Qual è l’orizzonte ideale a cui Sementerie Artistiche tende?

«Sementerie Artistiche è un luogo aperto e allargato, non si capisce nemmeno bene come entrarci: questa caratteristica fisica è parte anche della nostra poetica. Immaginiamo quindi di collaborare con persone sempre diverse, realizzare progetti fluidi che partano dal teatro come linguaggio e strumento per espanderlo e coinvolgere le persone in prima persona. La presenza infatti vuole essere il nodo fondamentale delle nostre proposte, a fronte di una comunicazione digitale che ha completamente trasformato il nostro modo di relazionarci. Se il teatro ormai non è più il mezzo per parlare a molti, resta il luogo in cui si dà centralità al corpo e alla presenza: è da questa consapevolezza che continuiamo a costruire il nostro lavoro. 

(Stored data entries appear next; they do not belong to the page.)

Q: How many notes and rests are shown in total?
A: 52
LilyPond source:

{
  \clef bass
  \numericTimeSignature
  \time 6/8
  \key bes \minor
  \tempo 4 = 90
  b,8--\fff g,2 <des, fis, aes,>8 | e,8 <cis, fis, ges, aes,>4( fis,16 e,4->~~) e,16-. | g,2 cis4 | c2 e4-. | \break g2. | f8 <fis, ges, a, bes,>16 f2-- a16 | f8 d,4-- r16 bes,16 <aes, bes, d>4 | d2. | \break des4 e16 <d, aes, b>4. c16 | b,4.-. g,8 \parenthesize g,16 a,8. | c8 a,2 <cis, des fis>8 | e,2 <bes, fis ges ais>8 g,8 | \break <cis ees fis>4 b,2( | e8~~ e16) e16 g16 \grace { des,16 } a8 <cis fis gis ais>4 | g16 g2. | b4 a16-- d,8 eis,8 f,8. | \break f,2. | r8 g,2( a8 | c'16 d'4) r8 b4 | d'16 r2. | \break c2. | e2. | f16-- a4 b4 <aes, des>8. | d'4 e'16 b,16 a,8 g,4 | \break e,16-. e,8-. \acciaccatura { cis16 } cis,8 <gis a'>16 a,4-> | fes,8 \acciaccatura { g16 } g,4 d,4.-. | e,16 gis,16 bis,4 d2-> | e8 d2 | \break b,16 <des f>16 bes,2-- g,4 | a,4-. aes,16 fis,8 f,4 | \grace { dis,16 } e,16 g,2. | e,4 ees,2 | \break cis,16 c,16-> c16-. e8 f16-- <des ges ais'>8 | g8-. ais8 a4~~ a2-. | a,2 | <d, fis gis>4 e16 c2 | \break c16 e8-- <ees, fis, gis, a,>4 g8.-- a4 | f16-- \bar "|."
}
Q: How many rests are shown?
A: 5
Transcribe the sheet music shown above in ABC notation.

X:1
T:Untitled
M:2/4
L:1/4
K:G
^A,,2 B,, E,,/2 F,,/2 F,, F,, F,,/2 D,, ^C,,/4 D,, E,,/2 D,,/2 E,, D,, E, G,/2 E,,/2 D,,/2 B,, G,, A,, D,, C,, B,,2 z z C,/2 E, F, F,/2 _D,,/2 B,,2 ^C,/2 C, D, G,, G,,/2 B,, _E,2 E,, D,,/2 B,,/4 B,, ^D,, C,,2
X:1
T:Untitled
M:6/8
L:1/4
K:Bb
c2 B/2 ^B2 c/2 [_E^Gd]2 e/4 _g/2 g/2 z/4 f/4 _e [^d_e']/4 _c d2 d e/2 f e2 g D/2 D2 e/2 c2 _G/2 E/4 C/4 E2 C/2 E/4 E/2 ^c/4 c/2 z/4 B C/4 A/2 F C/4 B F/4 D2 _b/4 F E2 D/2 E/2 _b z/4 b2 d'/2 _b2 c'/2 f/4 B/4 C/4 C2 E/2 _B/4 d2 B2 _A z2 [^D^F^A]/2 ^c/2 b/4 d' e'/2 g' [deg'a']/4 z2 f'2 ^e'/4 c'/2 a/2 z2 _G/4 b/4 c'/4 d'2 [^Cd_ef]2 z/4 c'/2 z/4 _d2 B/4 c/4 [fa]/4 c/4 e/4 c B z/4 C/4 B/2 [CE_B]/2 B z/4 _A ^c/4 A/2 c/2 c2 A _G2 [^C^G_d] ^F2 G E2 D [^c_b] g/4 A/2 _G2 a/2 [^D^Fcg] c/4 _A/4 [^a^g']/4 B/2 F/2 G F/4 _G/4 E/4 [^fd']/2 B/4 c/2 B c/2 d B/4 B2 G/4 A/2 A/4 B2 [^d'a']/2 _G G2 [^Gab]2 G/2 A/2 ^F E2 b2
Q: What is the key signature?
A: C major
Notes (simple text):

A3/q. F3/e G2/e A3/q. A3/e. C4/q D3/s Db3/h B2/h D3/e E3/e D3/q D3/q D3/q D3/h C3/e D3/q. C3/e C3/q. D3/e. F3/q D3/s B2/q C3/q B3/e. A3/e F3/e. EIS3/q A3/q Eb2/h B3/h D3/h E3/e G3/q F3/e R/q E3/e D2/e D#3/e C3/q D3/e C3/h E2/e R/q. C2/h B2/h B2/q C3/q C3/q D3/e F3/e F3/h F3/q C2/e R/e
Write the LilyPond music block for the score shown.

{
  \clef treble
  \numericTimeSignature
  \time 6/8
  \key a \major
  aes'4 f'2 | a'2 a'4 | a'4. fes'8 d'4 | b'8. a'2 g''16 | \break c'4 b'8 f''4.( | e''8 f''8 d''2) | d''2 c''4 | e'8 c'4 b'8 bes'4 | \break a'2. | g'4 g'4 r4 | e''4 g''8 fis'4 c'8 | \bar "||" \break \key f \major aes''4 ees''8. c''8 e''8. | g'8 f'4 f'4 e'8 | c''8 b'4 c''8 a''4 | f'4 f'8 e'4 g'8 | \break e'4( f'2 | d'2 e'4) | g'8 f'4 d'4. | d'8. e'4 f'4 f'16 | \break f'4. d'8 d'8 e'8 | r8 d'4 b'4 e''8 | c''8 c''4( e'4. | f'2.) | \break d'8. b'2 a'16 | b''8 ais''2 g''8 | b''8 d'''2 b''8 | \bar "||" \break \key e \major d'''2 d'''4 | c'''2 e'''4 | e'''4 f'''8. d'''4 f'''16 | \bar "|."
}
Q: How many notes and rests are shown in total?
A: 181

Sementerie è inoltre un posto decentrato, la partecipazione qui implica una scelta, faticosa per certi versi. Da una parte questo aspetto può essere un problema, dall’altra però ci permette di instaurare relazioni diverse, forti: l’essere decentrati comporta infatti riuscire a coinvolgere persone anche da molto lontano, perché venire qui da 30 o da 200 km cambia poco. Si genera quindi una strana chimica, per cui Sementerie diventa un’isola in cui si torna e da cui si parte. Immaginiamo quindi che Sementerie Artistiche sia una porta tra il mondo e il territorio allargato. Questa è l’immagine che ci guida, la nostra bussola».